A Public Employee’s Date of Separation From Employment and the Reasons Therefor Are Not Exempt From Disclosure Under OPRA

Libertarians for Transparent Government v. Cumberland County, ___ N.J. ___ (2022). This is an Open Public Records Act (“OPRA”) case. A woman who had been incarcerated at the Cumberland County Jail had sued the County and several corrections officers, alleging that she had been forced to engage in non-consensual sex acts while held in jail. Plaintiff sought to obtain a copy of a settlement agreement between the County and one of the officers, Tyrone Ellis, whom the County had charged with a disciplinary infraction. In particular, plaintiff’s OPRA request asked for ” the settlement agreement and Ellis’s ‘name, title, position, salary, length of service, date of separation and the reason therefor in accordance with N.J.S.A. 47:1A-10.’”

The County responded that the settlement agreement was a personnel record that OPRA exempted from disclosure. In response to the request for the specific information quoted above, the County said that ““Officer Ellis was charged with a disciplinary infraction and was terminated.”

Plaintiff sued. The Law Division ruled that the County had to produce the settlement agreement, redacted to protect those portions that were in fact personnel records, but disclosing the specific information quoted above, as that information was a “government record” of which OPRA required disclosure. The Appellate Division reversed, as discussed here. The Supreme Court granted review, and today the Court unanimously reversed the Appellate Division and reinstated the Law Division’s ruling. Chief Justice Rabner wrote the Court’s opinion, which applied de novo review of the statutory interpretation issue presented.

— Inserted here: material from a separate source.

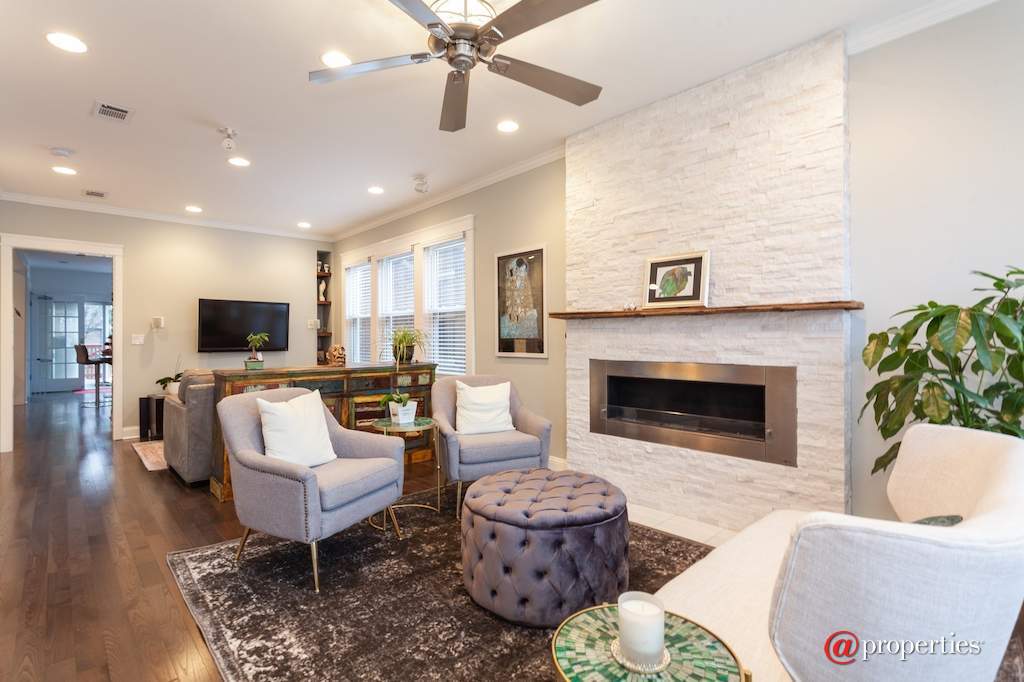2313 Clinton Avenue Berwyn, Illinois 60402 - Living Room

The Court focused on the language of section 10 of OPRA. Chief Justice Rabner noted that “[m]ost personnel records are exempt from disclosure under the law, but the statute has three exceptions.” One of those exceptions reads as follows:

“Notwithstanding the provisions of L. 1963, c. 73 ([N.J.S.A.] 47:1A-1 et seq.) or any other law to the contrary, the personnel or pension records of any individual in the possession of a public agency, including but not limited to records relating to any grievance filed by or against an individual, shall not be considered a government record and shall not be made available for public access, except that: [1] an individual’s name, title, position, salary, payroll record, length of service, date of separation and the reason therefor, and the amount and type of any pension received shall be a government record.”

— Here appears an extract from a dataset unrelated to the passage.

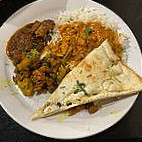 Lucky's Punjabi Dhabba Indian Head food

Chief Justice Rabner found that language dispositive. “Section 10 expressly states that a person’s ‘date of separation’ from employment ‘and the reason therefor . . . shall be a government record.’ Id. § 10. As a result, a plain reading of the text calls for disclosure of a settlement agreement that contains such information once the document has been redacted.” The Court added that “part of the settlement agreement that Libertarians seeks contains information covered by section 10’s first exception. For similar reasons, the document is subject to disclosure after it is redacted.”

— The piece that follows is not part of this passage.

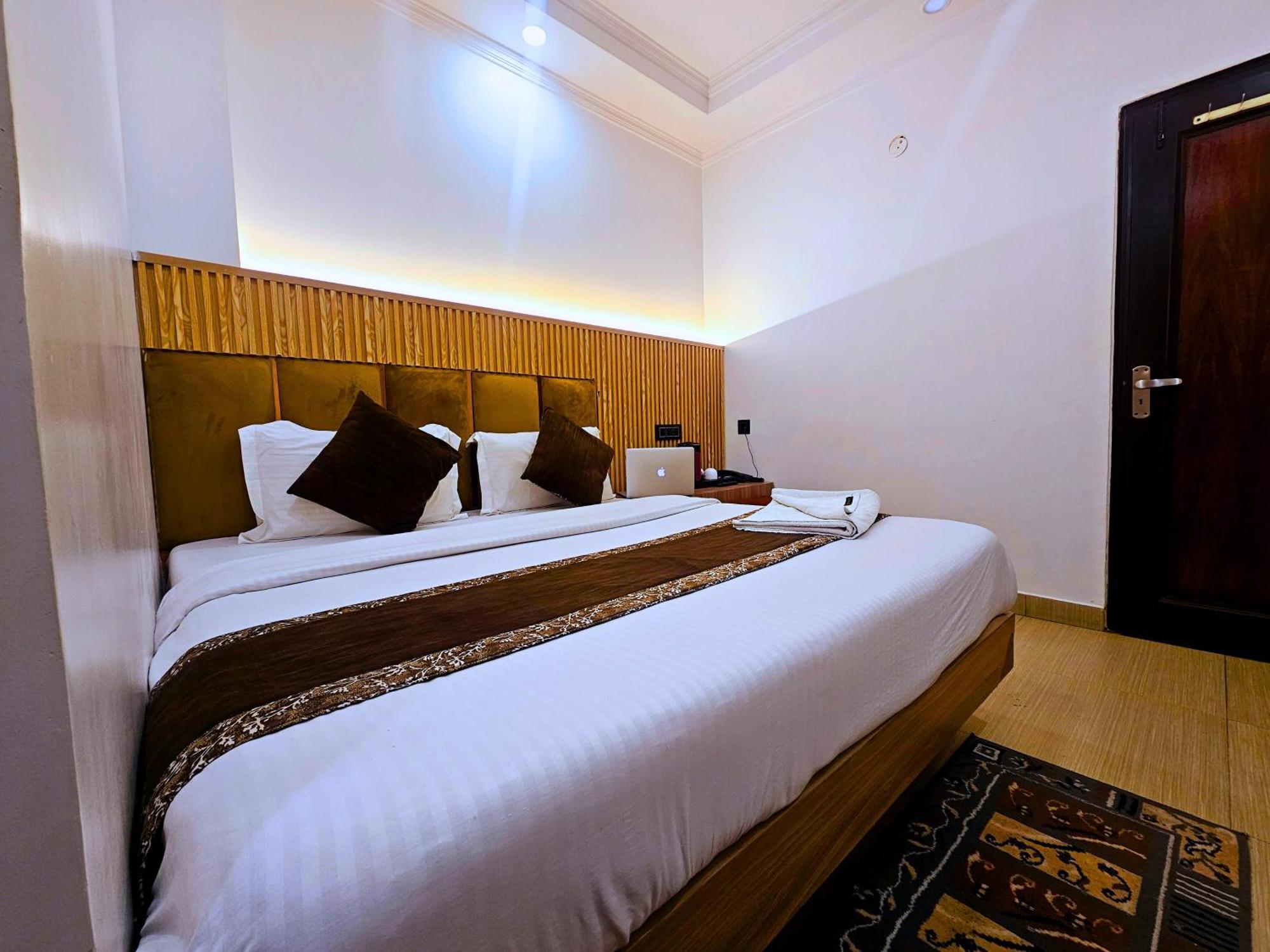 Bala Ji International 3* New Delhi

After providing additional support for the Court’s conclusion, Chief Justice Rabner observed that this case shows the importance of OPRA in advancing “transparency, accountability, and candor.” Though the County had stated that Ellis had been terminated due to his misconduct, ” [t]he trial judge, who reviewed the settlement agreement in camera, called the statement a misrepresentation. In reality, according to the minutes of the Retirement Board, after Ellis admitted that he had “inappropriate relationships with two inmates,” he was allowed to retire in good standing with only a partial forfeiture of his pension. Without access to actual documents in cases like this, the public can be left with incomplete or incorrect information.”

The Court thus reversed the Appellate Division and reinstated the Law Division’s ruling. “Libertarians was and is entitled to a redacted version of the actual settlement document,” Chief Justice Rabner concluded.